| Image-text web data |
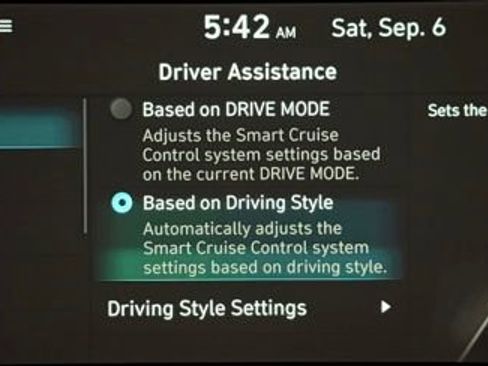 Used 2024 Hyundai Ioniq 5 SE image 32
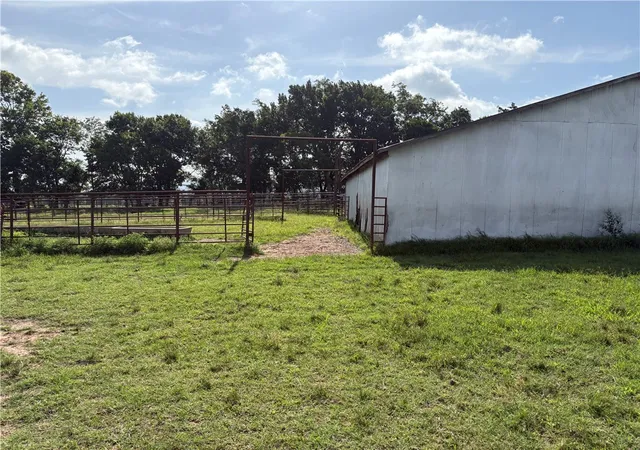 2nd image of 14806 Prairie Grove Lake Rd, Prairie Grove, AR 72753 | MLS# 1353707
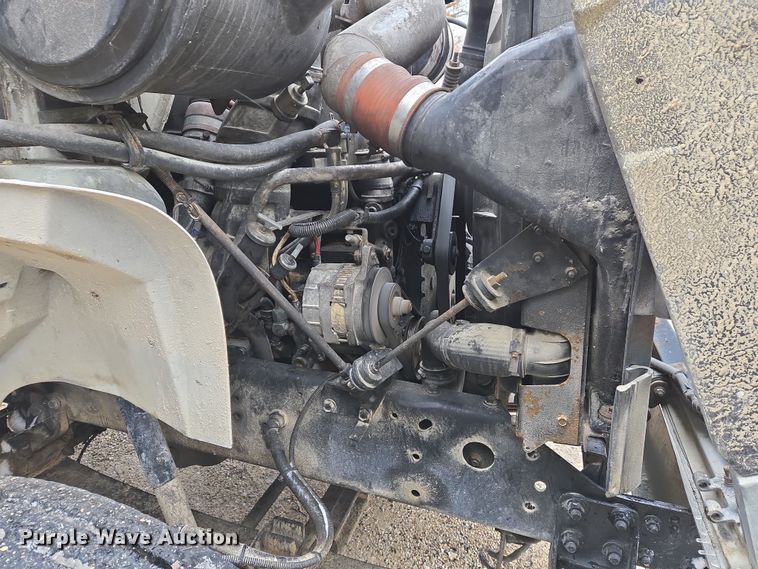 image for item DS5299 1997 International 8100 semi truck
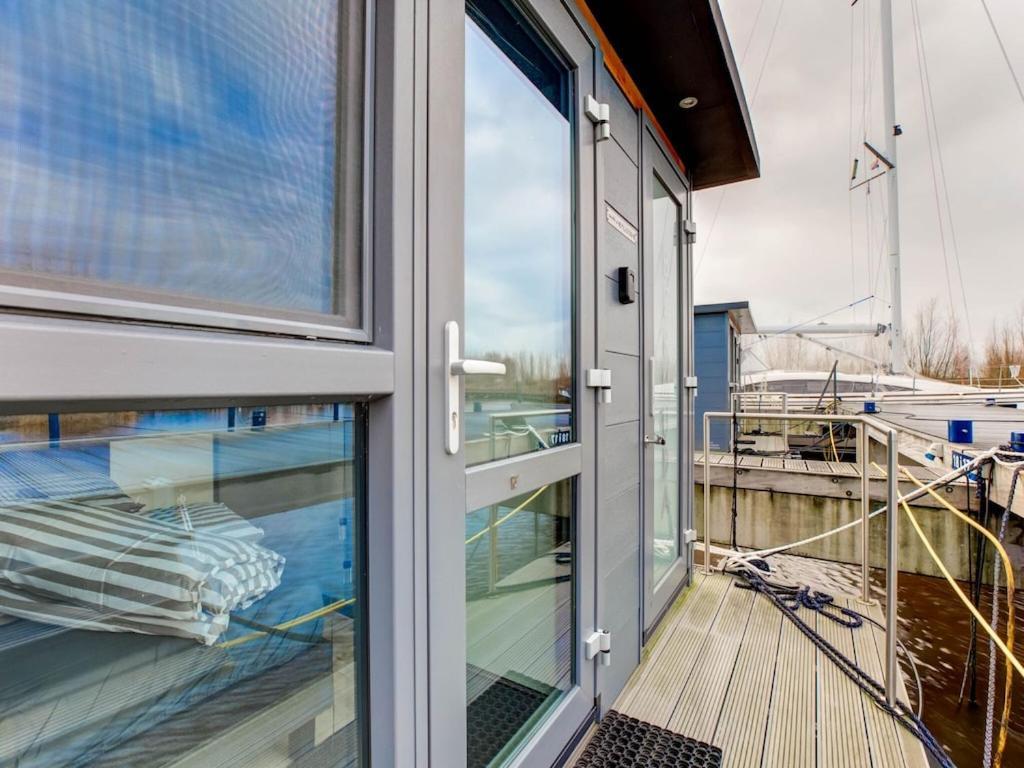 Modern Houseboat In Marina Of Volendam Hotel Exterior foto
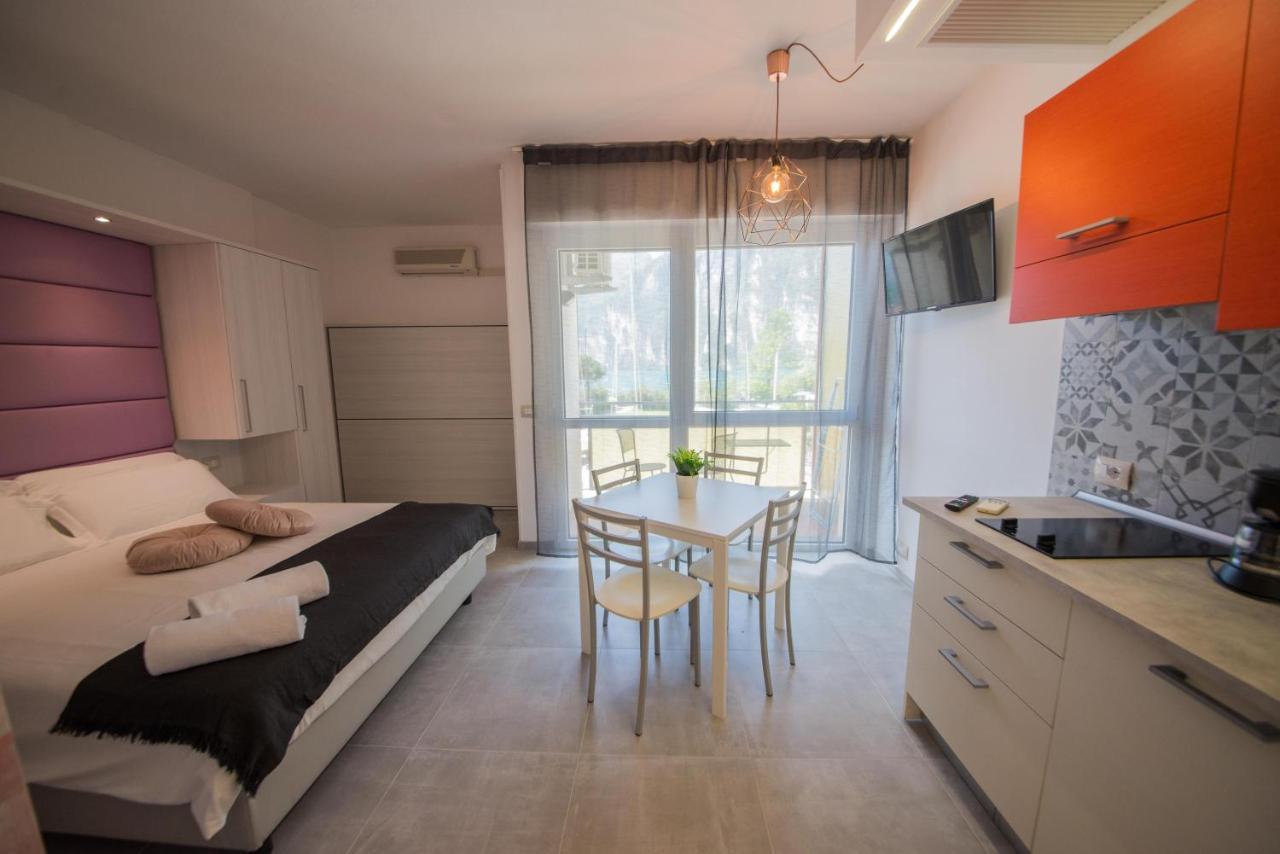 Residence Cristine Riva del Garda Exterior foto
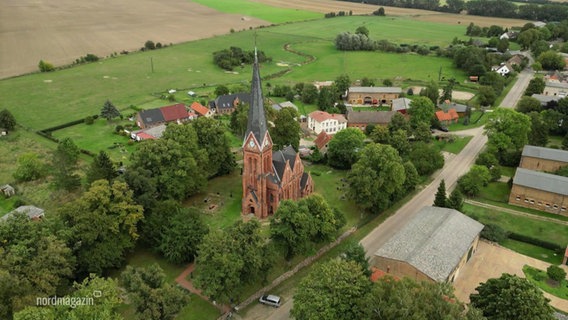 Die Ortschaft Gnevsdorf aus der Vogelperspektive, in der Mitte die imposante Kirche. © Screenshot 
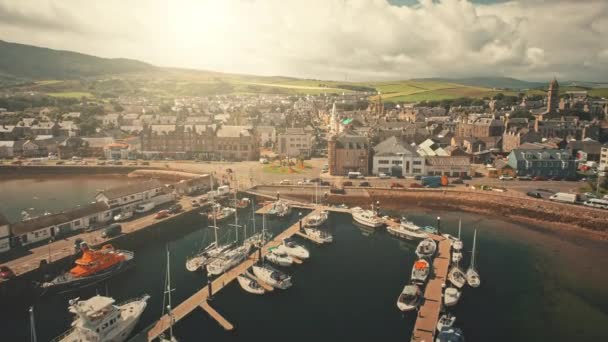 Marina Anteni 'ndeki Sun Harbor Town şehri manzarası. Şehir merkezinde, gün ışığı trafik yolunda. Yeşil tepeler — Stok video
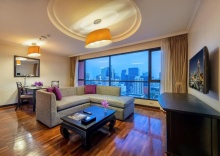 Двухместный люкс Executive c 1 комнатой в Bandara Silom Suites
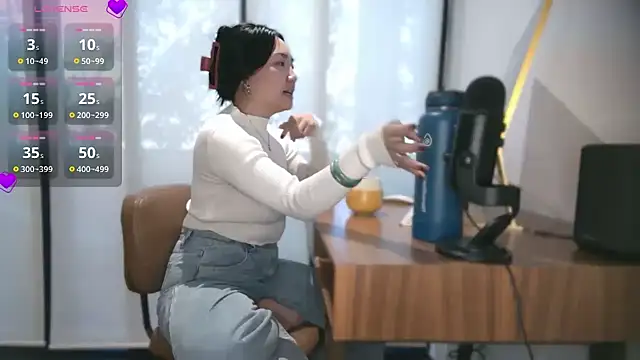 Snapshot of yuzhara chatting on 10.21.25 yuzhara online show from 10.21.25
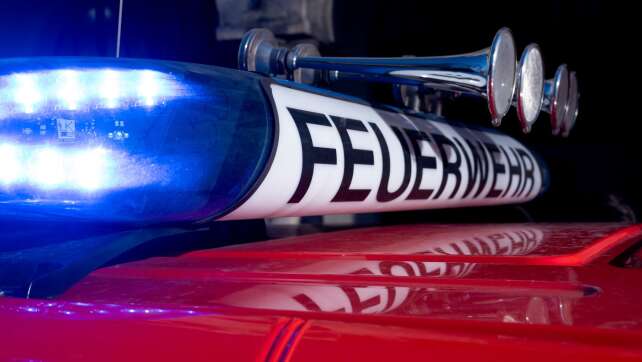 Auto rutscht über See, als Feuerwehr Eisstockschießen spielt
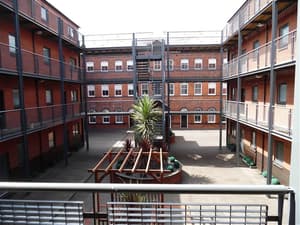 thumbnail: Exterior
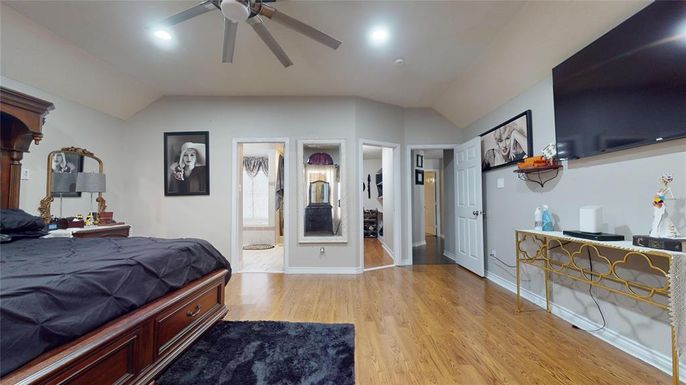 Bedroom, Interior, Recessed Lighting, Wood Texture Flooring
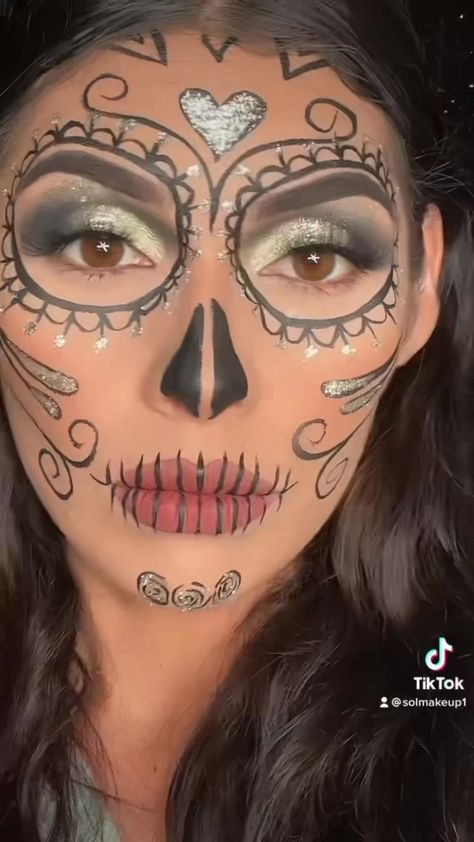 Dia De Muertos Makeup For Women, Day Of The Day Makeup, Skeleton Makeup Day Of The Dead, Easy Calavera Makeup, Black And White Sugar Skull Makeup, Day If The Dead Makeup Easy, Dawn Of The Dead Makeup, Day Of The Dead Make Up Ideas, Day Of Dead Makeup Tutorial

| Problem statement |
The pictures in the data should be omitted, and every remaining line set down exactly.

| Expected answer |
 Used 2024 Hyundai Ioniq 5 SE image 32
 2nd image of 14806 Prairie Grove Lake Rd, Prairie Grove, AR 72753 | MLS# 1353707
 image for item DS5299 1997 International 8100 semi truck
 Modern Houseboat In Marina Of Volendam Hotel Exterior foto
 Residence Cristine Riva del Garda Exterior foto
 Die Ortschaft Gnevsdorf aus der Vogelperspektive, in der Mitte die imposante Kirche. © Screenshot 
 Marina Anteni 'ndeki Sun Harbor Town şehri manzarası. Şehir merkezinde, gün ışığı trafik yolunda. Yeşil tepeler — Stok video
 Двухместный люкс Executive c 1 комнатой в Bandara Silom Suites
 Snapshot of yuzhara chatting on 10.21.25 yuzhara online show from 10.21.25
 Auto rutscht über See, als Feuerwehr Eisstockschießen spielt
 thumbnail: Exterior
 Bedroom, Interior, Recessed Lighting, Wood Texture Flooring
 Dia De Muertos Makeup For Women, Day Of The Day Makeup, Skeleton Makeup Day Of The Dead, Easy Calavera Makeup, Black And White Sugar Skull Makeup, Day If The Dead Makeup Easy, Dawn Of The Dead Makeup, Day Of The Dead Make Up Ideas, Day Of Dead Makeup Tutorial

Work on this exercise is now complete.